## Prompt
Would you please transcribe, exactly as written, the lines of the entries below starting at the one that holds "Cotton-blend Boat Neck" and ending at the one that holds "VT license plate OTG872", both included?

(Records from a collection)

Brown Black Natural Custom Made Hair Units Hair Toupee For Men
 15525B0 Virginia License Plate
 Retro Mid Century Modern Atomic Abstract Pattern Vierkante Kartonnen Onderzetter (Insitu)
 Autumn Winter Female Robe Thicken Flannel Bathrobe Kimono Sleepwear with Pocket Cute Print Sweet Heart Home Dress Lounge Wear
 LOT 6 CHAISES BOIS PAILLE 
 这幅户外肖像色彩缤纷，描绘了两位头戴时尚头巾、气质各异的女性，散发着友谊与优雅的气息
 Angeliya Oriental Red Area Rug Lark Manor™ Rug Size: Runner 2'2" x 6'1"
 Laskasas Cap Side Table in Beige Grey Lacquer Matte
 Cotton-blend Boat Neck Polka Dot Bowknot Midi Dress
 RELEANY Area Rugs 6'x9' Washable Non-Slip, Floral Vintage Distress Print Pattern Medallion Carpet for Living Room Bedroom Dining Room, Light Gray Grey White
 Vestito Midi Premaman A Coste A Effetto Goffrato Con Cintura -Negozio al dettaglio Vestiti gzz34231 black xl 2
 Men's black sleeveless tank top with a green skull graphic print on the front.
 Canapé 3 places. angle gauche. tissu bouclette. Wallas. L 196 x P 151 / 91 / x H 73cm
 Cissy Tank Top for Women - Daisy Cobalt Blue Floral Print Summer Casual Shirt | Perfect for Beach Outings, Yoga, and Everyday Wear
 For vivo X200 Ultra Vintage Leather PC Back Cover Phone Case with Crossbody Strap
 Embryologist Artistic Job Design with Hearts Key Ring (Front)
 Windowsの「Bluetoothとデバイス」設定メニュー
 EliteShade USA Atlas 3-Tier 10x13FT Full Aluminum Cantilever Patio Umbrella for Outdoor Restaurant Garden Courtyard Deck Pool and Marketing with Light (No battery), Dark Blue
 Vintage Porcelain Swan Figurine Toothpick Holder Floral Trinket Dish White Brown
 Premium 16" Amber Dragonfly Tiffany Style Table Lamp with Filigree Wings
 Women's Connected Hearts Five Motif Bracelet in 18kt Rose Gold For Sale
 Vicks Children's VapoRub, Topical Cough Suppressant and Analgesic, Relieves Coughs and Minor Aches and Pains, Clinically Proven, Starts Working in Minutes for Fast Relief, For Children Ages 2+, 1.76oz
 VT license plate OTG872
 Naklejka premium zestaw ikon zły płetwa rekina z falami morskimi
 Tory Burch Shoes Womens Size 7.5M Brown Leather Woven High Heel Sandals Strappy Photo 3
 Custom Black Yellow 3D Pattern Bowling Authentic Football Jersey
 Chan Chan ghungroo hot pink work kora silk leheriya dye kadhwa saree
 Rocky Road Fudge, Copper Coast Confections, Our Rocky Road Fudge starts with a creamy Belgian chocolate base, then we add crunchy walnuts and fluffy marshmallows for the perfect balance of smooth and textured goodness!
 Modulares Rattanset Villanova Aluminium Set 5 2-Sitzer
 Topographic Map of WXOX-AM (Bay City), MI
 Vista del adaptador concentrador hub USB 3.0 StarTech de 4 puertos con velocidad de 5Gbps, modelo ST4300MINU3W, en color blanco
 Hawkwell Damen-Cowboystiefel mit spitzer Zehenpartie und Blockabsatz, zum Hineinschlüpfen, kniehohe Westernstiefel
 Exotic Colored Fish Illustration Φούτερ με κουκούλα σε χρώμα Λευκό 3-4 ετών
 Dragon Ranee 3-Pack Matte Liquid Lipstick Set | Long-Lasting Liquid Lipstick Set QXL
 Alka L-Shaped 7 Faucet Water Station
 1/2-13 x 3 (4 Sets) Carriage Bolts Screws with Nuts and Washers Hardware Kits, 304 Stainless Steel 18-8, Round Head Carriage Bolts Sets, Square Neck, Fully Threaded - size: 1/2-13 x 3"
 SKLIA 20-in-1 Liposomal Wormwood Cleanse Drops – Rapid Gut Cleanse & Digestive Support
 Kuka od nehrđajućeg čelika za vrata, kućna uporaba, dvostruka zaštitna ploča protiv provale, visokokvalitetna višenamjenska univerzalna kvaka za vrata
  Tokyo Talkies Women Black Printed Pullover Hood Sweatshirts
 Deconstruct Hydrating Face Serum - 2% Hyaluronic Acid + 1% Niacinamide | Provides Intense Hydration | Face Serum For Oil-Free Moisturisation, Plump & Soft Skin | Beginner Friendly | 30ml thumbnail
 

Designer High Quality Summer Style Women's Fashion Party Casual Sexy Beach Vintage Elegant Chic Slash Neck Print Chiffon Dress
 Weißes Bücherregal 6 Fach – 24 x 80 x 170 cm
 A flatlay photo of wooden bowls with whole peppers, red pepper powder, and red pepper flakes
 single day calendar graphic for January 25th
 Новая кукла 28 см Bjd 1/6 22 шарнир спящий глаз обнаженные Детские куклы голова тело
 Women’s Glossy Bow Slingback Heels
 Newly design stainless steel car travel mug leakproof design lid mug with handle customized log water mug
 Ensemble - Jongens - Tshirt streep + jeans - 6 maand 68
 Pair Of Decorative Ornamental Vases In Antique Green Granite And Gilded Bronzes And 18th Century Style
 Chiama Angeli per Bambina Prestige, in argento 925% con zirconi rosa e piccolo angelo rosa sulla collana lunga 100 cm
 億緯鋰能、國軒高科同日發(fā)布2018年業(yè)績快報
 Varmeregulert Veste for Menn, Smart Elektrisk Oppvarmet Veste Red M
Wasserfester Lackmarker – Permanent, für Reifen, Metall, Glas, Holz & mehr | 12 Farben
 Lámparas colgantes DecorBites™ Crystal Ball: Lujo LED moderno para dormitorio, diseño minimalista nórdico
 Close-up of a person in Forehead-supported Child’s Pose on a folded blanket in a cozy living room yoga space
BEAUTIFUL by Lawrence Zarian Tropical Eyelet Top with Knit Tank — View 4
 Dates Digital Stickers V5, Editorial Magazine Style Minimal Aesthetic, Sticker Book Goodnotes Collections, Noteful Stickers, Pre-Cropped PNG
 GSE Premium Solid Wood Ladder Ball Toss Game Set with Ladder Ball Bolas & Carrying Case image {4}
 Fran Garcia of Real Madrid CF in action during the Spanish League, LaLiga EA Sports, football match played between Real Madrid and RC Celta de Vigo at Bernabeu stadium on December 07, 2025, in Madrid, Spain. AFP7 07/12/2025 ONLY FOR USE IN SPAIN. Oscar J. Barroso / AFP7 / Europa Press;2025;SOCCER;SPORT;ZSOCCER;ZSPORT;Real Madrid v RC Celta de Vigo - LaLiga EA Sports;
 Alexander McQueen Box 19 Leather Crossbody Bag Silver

## Answer box
 Cotton-blend Boat Neck Polka Dot Bowknot Midi Dress
 RELEANY Area Rugs 6'x9' Washable Non-Slip, Floral Vintage Distress Print Pattern Medallion Carpet for Living Room Bedroom Dining Room, Light Gray Grey White
 Vestito Midi Premaman A Coste A Effetto Goffrato Con Cintura -Negozio al dettaglio Vestiti gzz34231 black xl 2
 Men's black sleeveless tank top with a green skull graphic print on the front.
 Canapé 3 places. angle gauche. tissu bouclette. Wallas. L 196 x P 151 / 91 / x H 73cm
 Cissy Tank Top for Women - Daisy Cobalt Blue Floral Print Summer Casual Shirt | Perfect for Beach Outings, Yoga, and Everyday Wear
 For vivo X200 Ultra Vintage Leather PC Back Cover Phone Case with Crossbody Strap
 Embryologist Artistic Job Design with Hearts Key Ring (Front)
 Windowsの「Bluetoothとデバイス」設定メニュー
 EliteShade USA Atlas 3-Tier 10x13FT Full Aluminum Cantilever Patio Umbrella for Outdoor Restaurant Garden Courtyard Deck Pool and Marketing with Light (No battery), Dark Blue
 Vintage Porcelain Swan Figurine Toothpick Holder Floral Trinket Dish White Brown
 Premium 16" Amber Dragonfly Tiffany Style Table Lamp with Filigree Wings
 Women's Connected Hearts Five Motif Bracelet in 18kt Rose Gold For Sale
 Vicks Children's VapoRub, Topical Cough Suppressant and Analgesic, Relieves Coughs and Minor Aches and Pains, Clinically Proven, Starts Working in Minutes for Fast Relief, For Children Ages 2+, 1.76oz
 VT license plate OTG872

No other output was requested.